This analysis is opinion only and should not be interpreted as financial advice.

SOUTHBOROUGH PET GROOMERS LTD - Analysis Report

Company Number: 14358767

Analysis Date: 2025-07-29 17:10 UTC

  1. Credit Opinion: APPROVE
    Southborough Pet Groomers Ltd demonstrates a stable financial position with improving net assets and positive working capital for the past two years since incorporation in 2022. The company has no overdue filings, is actively trading, and exhibits prudent financial management with modest fixed asset investment and strong cash reserves. The directors have maintained sound financial stewardship, and the company’s liquidity supports its ability to meet short-term obligations. Given these factors, the company is assessed as a low credit risk suitable for credit facilities with standard monitoring.

  2. Financial Strength:
    The company’s net assets increased from £3,357 in 2023 to £9,413 in 2024, reflecting retained earnings accumulation. Shareholders’ funds closely mirror net assets, indicating no significant debt funding.
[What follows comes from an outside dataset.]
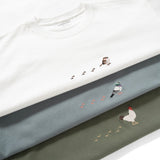 (ZT1635) Animal Footprints Embroidery Tee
The balance sheet shows minimal fixed assets (£1,594), appropriate for the service nature of the business. Current liabilities decreased slightly, improving net current assets from £3,357 to £7,819, which is a positive signal of balance sheet strength. The company meets the “Small” account category criteria, filing full accounts with no signs of financial distress.

  3. Cash Flow Assessment:
    Cash at bank increased from £12,902 to £15,741 year-on-year, evidencing positive cash generation or equity injection. Current liabilities are well covered by current assets, with a current ratio of approximately 2:1 (15,741/7,922), indicating good short-term liquidity. The company’s working capital position is healthy, and with no long-term debt reported, liquidity risk is low. The business appears capable of servicing debt and operational expenses comfortably.

  4. Monitoring Points:

  • Maintain focus on cash flow generation and working capital management as the company scales.
  • Monitor changes in taxation and social security creditor balances, which increased significantly, to ensure timely payments.
  • Watch for any material changes in turnover or profitability once published, as detailed P&L data was not provided.
  • Keep track of director changes or PSC adjustments as these might impact governance and control.